## What is being asked
Starting at the first entry below, repeat all the data word for word and drop the pictures.

* * *

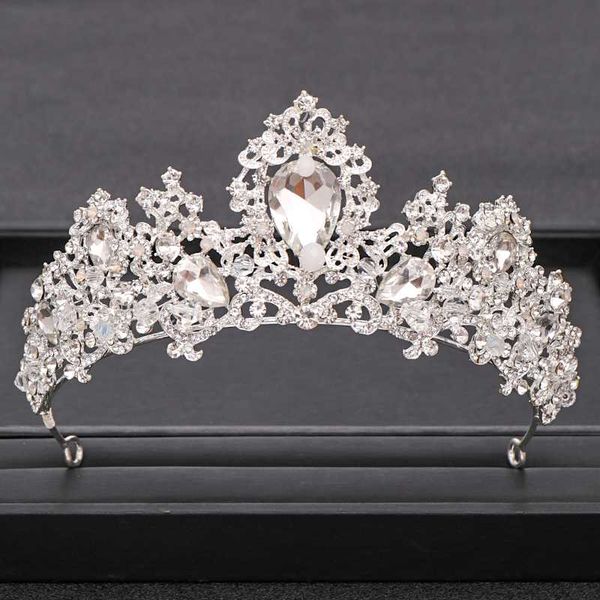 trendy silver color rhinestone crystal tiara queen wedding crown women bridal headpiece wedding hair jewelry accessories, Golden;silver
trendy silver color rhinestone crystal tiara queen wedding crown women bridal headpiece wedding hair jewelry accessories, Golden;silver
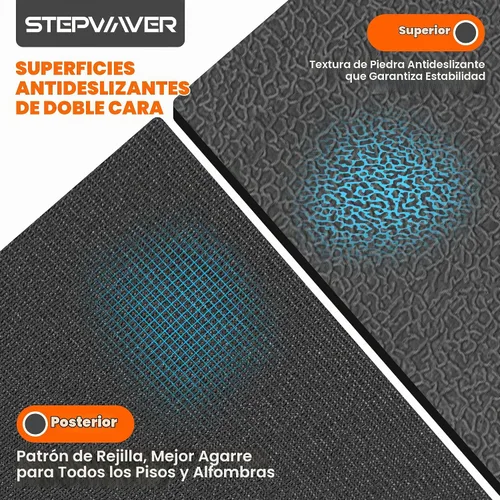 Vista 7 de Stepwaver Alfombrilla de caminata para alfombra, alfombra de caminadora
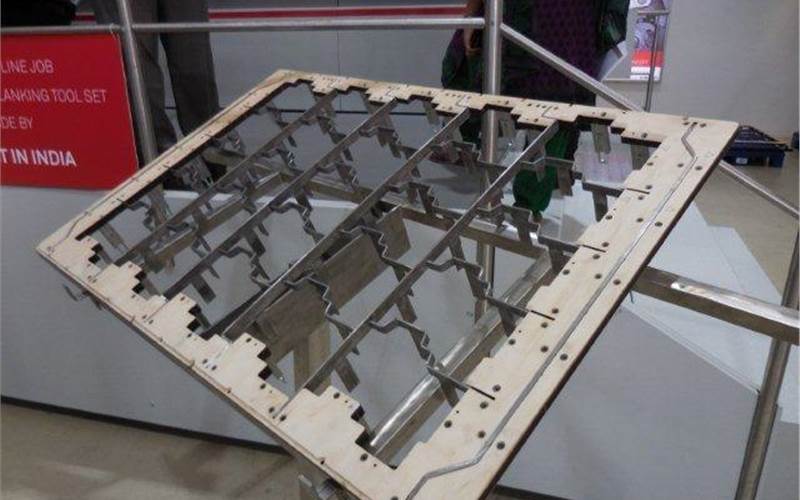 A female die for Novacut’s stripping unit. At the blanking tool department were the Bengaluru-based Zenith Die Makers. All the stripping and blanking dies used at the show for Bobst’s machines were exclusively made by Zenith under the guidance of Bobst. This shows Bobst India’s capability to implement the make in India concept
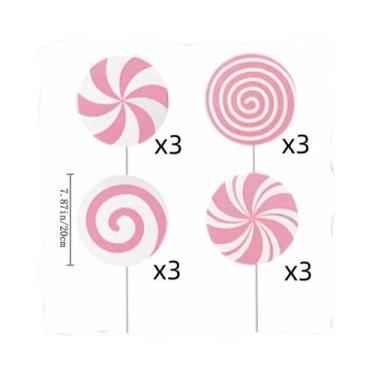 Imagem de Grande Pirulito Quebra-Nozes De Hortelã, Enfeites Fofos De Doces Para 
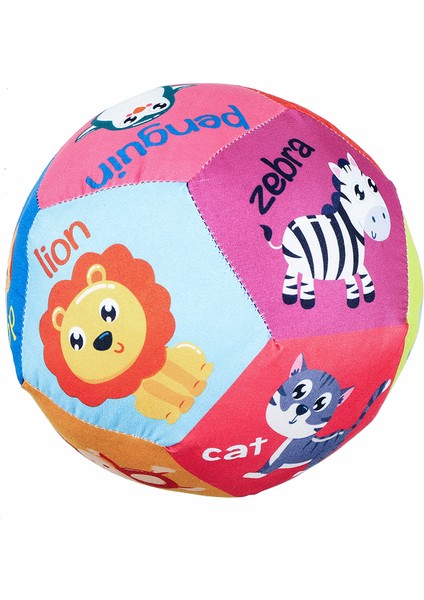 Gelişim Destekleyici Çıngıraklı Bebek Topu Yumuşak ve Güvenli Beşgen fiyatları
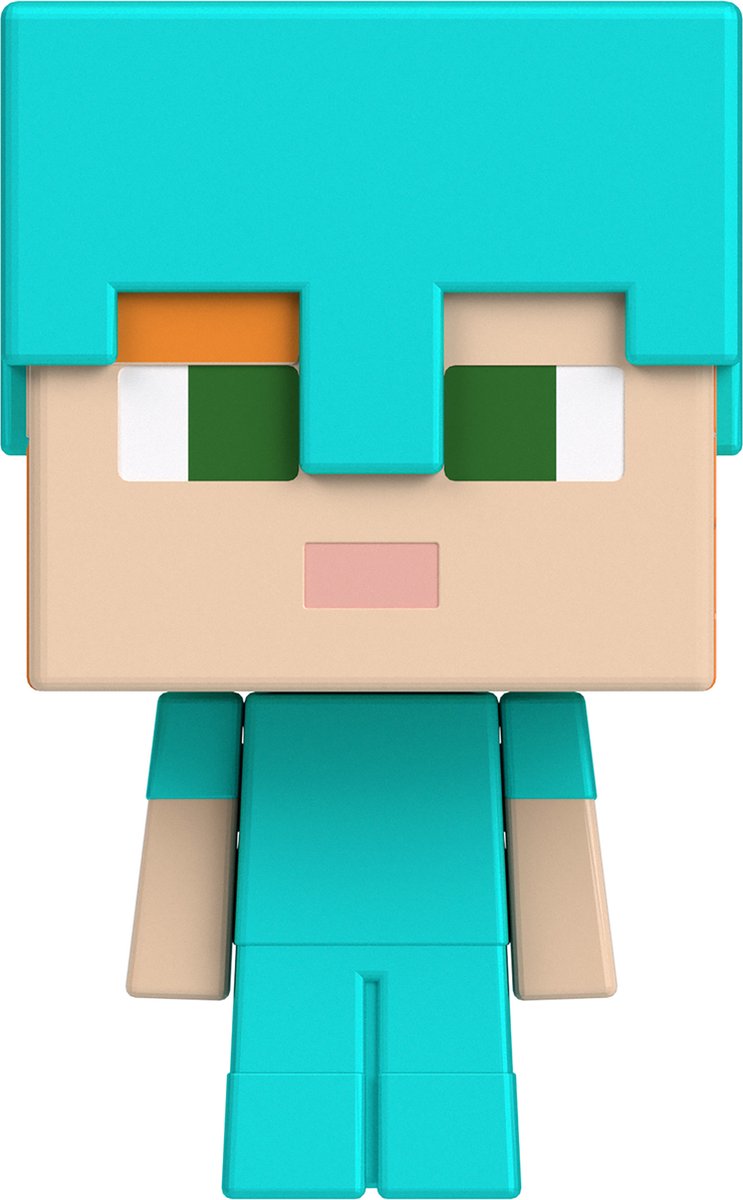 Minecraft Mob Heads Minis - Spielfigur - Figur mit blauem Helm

* * *

## Response area
 trendy silver color rhinestone crystal tiara queen wedding crown women bridal headpiece wedding hair jewelry accessories, Golden;silver
trendy silver color rhinestone crystal tiara queen wedding crown women bridal headpiece wedding hair jewelry accessories, Golden;silver
 Vista 7 de Stepwaver Alfombrilla de caminata para alfombra, alfombra de caminadora
 A female die for Novacut’s stripping unit. At the blanking tool department were the Bengaluru-based Zenith Die Makers. All the stripping and blanking dies used at the show for Bobst’s machines were exclusively made by Zenith under the guidance of Bobst. This shows Bobst India’s capability to implement the make in India concept
 Imagem de Grande Pirulito Quebra-Nozes De Hortelã, Enfeites Fofos De Doces Para 
 Gelişim Destekleyici Çıngıraklı Bebek Topu Yumuşak ve Güvenli Beşgen fiyatları
 Minecraft Mob Heads Minis - Spielfigur - Figur mit blauem Helm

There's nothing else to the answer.